Delikatne fale śmiechu przepływają przez niego całego. Cała jego
bioenergia faluje tym śmiechem.
Jest
jak w tańcu. Kiedy zdrowy człowiek jest smutny, to naprawdę jest
smutny, całkowicie. Kiedy zdrowy człowiek jest zły, jest naprawdę
zły, całkowicie. Kiedy uprawia miłość, jest miłością, niczym
więcej. Kiedy uprawia miłość, robi to naprawdę.
W
rzeczywistości mówienie, że „uprawia miłość", nie
jest właściwe.
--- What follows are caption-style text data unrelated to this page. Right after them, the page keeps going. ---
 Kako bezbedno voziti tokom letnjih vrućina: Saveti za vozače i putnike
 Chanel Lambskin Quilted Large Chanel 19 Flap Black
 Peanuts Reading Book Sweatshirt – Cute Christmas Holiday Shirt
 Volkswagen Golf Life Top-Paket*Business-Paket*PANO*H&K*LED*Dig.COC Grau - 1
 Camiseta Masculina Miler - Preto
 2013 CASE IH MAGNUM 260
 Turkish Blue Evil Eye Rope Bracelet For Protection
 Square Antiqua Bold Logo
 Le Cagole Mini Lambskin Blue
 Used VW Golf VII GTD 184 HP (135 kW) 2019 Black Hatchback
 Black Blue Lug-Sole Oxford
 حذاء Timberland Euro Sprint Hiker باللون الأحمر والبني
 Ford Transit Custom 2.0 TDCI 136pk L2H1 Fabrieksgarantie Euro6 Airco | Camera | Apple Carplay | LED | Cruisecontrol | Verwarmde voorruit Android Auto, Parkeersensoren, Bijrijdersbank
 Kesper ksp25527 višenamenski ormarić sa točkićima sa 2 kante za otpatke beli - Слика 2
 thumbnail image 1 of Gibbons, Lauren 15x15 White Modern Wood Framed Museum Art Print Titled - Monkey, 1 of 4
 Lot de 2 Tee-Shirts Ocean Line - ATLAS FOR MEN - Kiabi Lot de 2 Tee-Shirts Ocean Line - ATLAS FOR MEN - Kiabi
To uproszczenie, wyrażenie wulgarne samo w sobie,
bo miłość nie może być „uprawiana".
On
nie uprawia miłości, on jest miłością.
Nie
jest niczym innym jak tylko energią miłości. Tak właśnie czuje i
to właśnie robi. Kiedy spaceruje, jest po prostu spacerującą
energią. Nie ma tam osoby. Kiedy kopie dół, jest po prostu
kopaniem.
Zdrowy
człowiek nie jest jednostką statyczną; jest procesem, dynamicznym
procesem. Można też powiedzieć, że zdrowy człowiek nie jest
rzeczownikiem, lecz czasownikiem...
Nie
jest rzeką, lecz nurtem. Bezustannie płynie we wszystkich
kierunkach, wylewa się. A każde społeczeństwo, które tego
zabrania, tworzy patologię. Każdy człowiek, który jest w
jakikolwiek sposób krępowany, popada w patologię, wypacza się.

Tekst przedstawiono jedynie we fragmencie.